The earliest text from Alexandria, a hieroglyphic "satrap" stela from the month of Thout in 311 BC, refers to R-qd as the preceding name of the city.

Strabo, in his description of Alexandria, describes Rhacotis as the home of Egyptian sentinels guarding the Nile. Pliny the Elder mentions Rhacotes as the former name of the site of Alexandria.

Alexandria was planned by Dinocrates, an experienced Greek architect and city planner from Rhodes, who modeled the new city after the Hellenistic architectural style popular in the Greek world at the time. The existing small village of Rhacotis, then a fishing port, became the Egyptian quarter of the city, located on the West side. Egyptians may have continued to refer to the whole city as Rhakotis, and in some cases resented its existence.
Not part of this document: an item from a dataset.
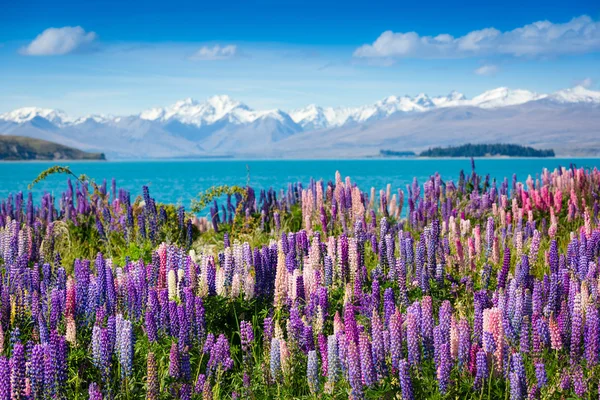 Tekapo sjö med lupiner blommande — Stockfoto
Tacitus relates a story of the Egyptian priests that Ptolemy I Soter, seeking a blessing for the construction of Alexandria, received instructions to obtain a certain statue from the temple of "infernal Jupiter" (Pluto) in Pontus (on the northern coast of modern Turkey, along the Black Sea). First, they visit the oracle Pythia at Delphi, who confirms they are to remove the statue, but not its female companion (Proserpina). When they reach King Scydrothemis at Sinope, they find him reluctant to part with the statue. The god then leaves the temple of his own will and conveys the party back to Alexandria, where a new temple is established at Rhacotis—the historical site of a temple to Serapis and Isis.

== Archaeology ==
Continuing maritime archaeology in the harbour of Alexandria has revealed details of Rhakotis before the arrival of Alexander. In 1916, while preparing the construction of a new port, French engineer Gaston Jondet found a sophisticated ancient port facility west of Pharos. Kamal Abu el-Saadat continued research in the 1960s with a pioneering submarine archaeology campaign, which found more ruins and a 25-ton statue fragment. Another campaign began in the 1990s under the supervision of Franck Goddio, finding numerous artifacts, including twelve sphinxes, some apparently removed from Heliopolis by the Ptolemies.

Wood pilings and planks, dated chemically and stratigraphically to c. 400 BC, and potsherds dated to 1000 BC, have been recovered from Alexandria's eastern harbor.

Recent chemical analysis of artifacts found in the harbor has discovered high levels of lead in the third millennium BC, peaking circa the turn of the 23rd century BC (Old Kingdom), and again near the turn of the first millennium BC (Nineteenth and Twentieth dynasties), as well as in the Hellenic era following the conquest of Alexander. They also suggest an expansive trade network including metal imports from Cyprus and Turkey.

Some or all of the remains of Rhacotis may lie beneath the densely populated modern city of Alexandria, and thus remain off limits to archaeologists. No attempts to date have discovered remains of an early city in the Alexandrine neighborhood with the same name.

== Significance ==
The importance of Rhacotis remains a matter of debate. If Rhacotis was indeed no more than a building yard, it may have been an inconsequential part of the Egyptian civilization before the arrival of Hellenic invaders who eventually established the Ptolemaic kingdom.